Automated assessment of student scientific reasoning presents a compelling use case for NLP in education, yet the distribution of responses across rubric categories rarely follows uniform patterns. In this investigation, researchers tackled the challenge of scoring 1,466 high school responses against an 11-category NGSS-aligned rubric where advanced reasoning categories exhibit severe underrepresentation. The fundamental problem: standard fine-tuning of SciBERT on imbalanced data prioritizes majority classes at the expense of rare but pedagogically critical categories, degrading recall for sophisticated conceptual understanding.

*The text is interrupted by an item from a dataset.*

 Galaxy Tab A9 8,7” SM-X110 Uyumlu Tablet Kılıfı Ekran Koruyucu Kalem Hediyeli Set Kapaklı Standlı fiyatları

The authors evaluated three augmentation strategies beyond conventional oversampling (SMOTE). GPT-4 synthetic generation produced coherent student responses that improved both precision and recall across imbalanced categories. EASE (word-level extraction and filtering) demonstrated broad effectiveness, substantially improving alignment with human scoring across all 11 categories by preserving authentic linguistic patterns from existing responses. Most notably, ALP (Augmentation using Lexicalized Probabilistic context-free grammars) achieved perfect F1 scores on the most severely imbalanced categories (5, 6, 7, and 9) through phrase-level composition, suggesting that grammatically-constrained generation better captures domain-specific scientific discourse than unconstrained synthesis.

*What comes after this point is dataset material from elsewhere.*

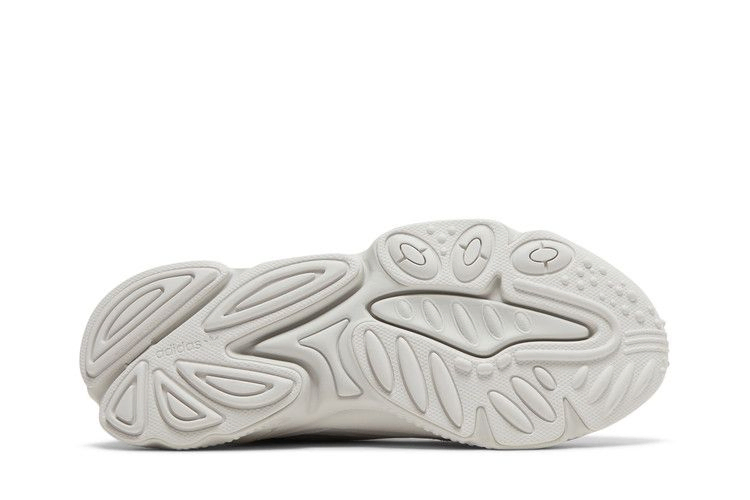 Кроссовки adidas Ozweego Celox 'Crystal White Grey'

A critical methodological insight emerged: while GPT-4 augmentation boosted metrics, EASE and ALP better preserved novice-level responses essential for learning progression modeling. This distinction matters profoundly—overfitting to synthetic advanced reasoning could obscure intermediate developmental stages. The comparative analysis reveals a trade-off between metric optimization and conceptual fidelity that traditional imbalance-handling approaches (SMOTE) fail to address. By maintaining authentic novice exemplars alongside augmented advanced examples, the framework achieves both statistical balance and pedagogical validity, offering a replicable solution for automated assessment systems in science education.